Monday, February 10, 2014

Emotion beliefs and goals: Our role in our experience of emotion

Being part of a research team that studies emotion has taught me so much about emotion science. What I didn't expect to learn about... is how I experience emotions. When we better understand how emotions emerge, it becomes a bit easier to have more of the emotions we want and less of the ones we don't want (Although it's still harder than I would like).

Emotions emerge in so many ways, in response to so many situations, for so many reasons. But people's beliefs and goals, specifically around emotion, are particularly intriguing factors that contribute to emotion experiences. We most often think about these factors and how they affect other areas of our lives, but we rarely question whether our beliefs and goals regarding our emotions are the best choice for us. Let me explain a bit more so it makes sense why these are so important.

Emotion Beliefs:
As you know, beliefs affect behavior. If someone believes that eating animals is wrong, he/she might become a vegetarian. Or if someone believes in a higher power, he/she might go to church. These are beliefs we are very familiar with. But what about emotion beliefs? What if someone believes that emotions are uncontrollable? Do you think they will be likely to try to regulate their emotions? Turns out, they aren't 1. What if someone believes that their emotions are bad. Do you think they will feel even worse about having them? It seems so 2. And what if someone believes that they deserve to feel bad? They might have hard time letting themselves feel good. Beliefs about emotions seem to crucially affect experience of emotion.

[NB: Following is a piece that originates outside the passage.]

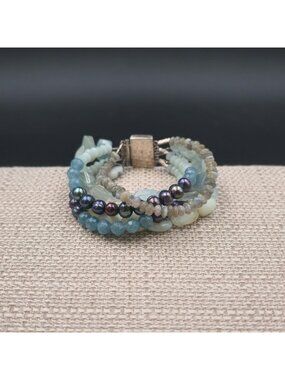 6.5 Inch Sterling Silver Aquamarine Labradorite Pearl Bracelet B1200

But beliefs seem very automatic and difficult to change directly. Imagine telling yourself, "Me! Stop believing emotions are bad!" Do you think that would work? I am skeptical. So I tend to think that targeting unconscious process through rewiring the brain might be a better strategy for changing emotion beliefs. For example, if a person believes that she is bad  in some way, she is unlikely to suddenly not have that belief. But what if she were to engage in an exercise that forced her to repeatedly think of herself in positive ways? Her brain could learn that it is possible, that it feels better when it thinks this way, and that it is possible to think this way. At lifenik.com, one of the games we are working on (based on implicit bias research 5) is designed to strengthen the neural pathways that connect the self to positive experiences. We hope that by creating games that help people restructure their beliefs about emotion, we can make it easier for people change their beliefs and improve the quality of their lives.

Take a moment to think about what you believe? How might these beliefs be affecting your experience? What can you do to try to foster beliefs that promote emotions that you want to feel? What actions should you practice to reinforce these beliefs?

Emotion Goals:
What are some common goals? To have money? To spend time with family? To find happiness? Let's think about how these goals affect behavior. If someone has a goal of spending time with family, he/she will likely make the effort required to spend time with family. If someone wants more money, he/she might spend a lot of time at work. But if someone wants happiness... what should he do? Well, it's tricky. Research suggests that "prioritizing positivity", or putting forth effort to do things that make you feel good, is good for emotional health 3. However, overvaluing happiness can actually be worse for emotional health 4. But why? Well it seems that we need to set realistic goals. Just as someone on a diet can not expect to loose 10 lbs each week, a person with a goal of improving happiness cannot expect to be happy after only a week of work. Having unrealistic expectations likely leads to disappointment, which kind of defeats the whole purpose.

This is such an important point that I want to reiterate. Research supports the idea that emotional health, just like physical health, requires repeated practice and continuous effort 6. Just like getting fit, happiness requires a lifestyle change. We don't often think of happiness a something we have to practice, or as an activity that we need to engage in daily, but it seems this is how happiness works...

...more on that another time.


References:
1. Tamir, M., John, O. P., Srivastava, S., & Gross, J. J. (2007). Implicit theories of emotion: Affective and social outcomes across a major life transition. Journal of Personality and Social Psychology, 92, 731-744. doi: 10.1037/0022-3514.92.4.731
2. Shallcross, A. J., Troy, A. S., Boland, M., & Mauss, I. B. (2010). Let it be: Accepting negative emotional experiences predicts decreased negative affect and depressive symptoms. Behaviour Research and Therapy, 48, 921-929. doi: 10.1016/j.brat.2010.05.025
3. Fredrickson (2012). “Prioritizing Positivity.” Manuscript in preparation.
4. Mauss, I. B., Tamir, M., Anderson, C. L., & Savino, N. S. (2011). Can seeking happiness make people happy? Paradoxical effects of valuing happiness. Emotion. 
5. for more on implicit biases: https://implicit.harvard.edu/implicit/
6. Layous, K., & Lyubomirsky, S. (2012). The how, who, what, when, and why of happiness: Mechanisms underlying the success of positive interventions. In J. Gruber & J. Moskowitz (Eds.), Light and dark side of positive emotion Oxford: Oxford University Press.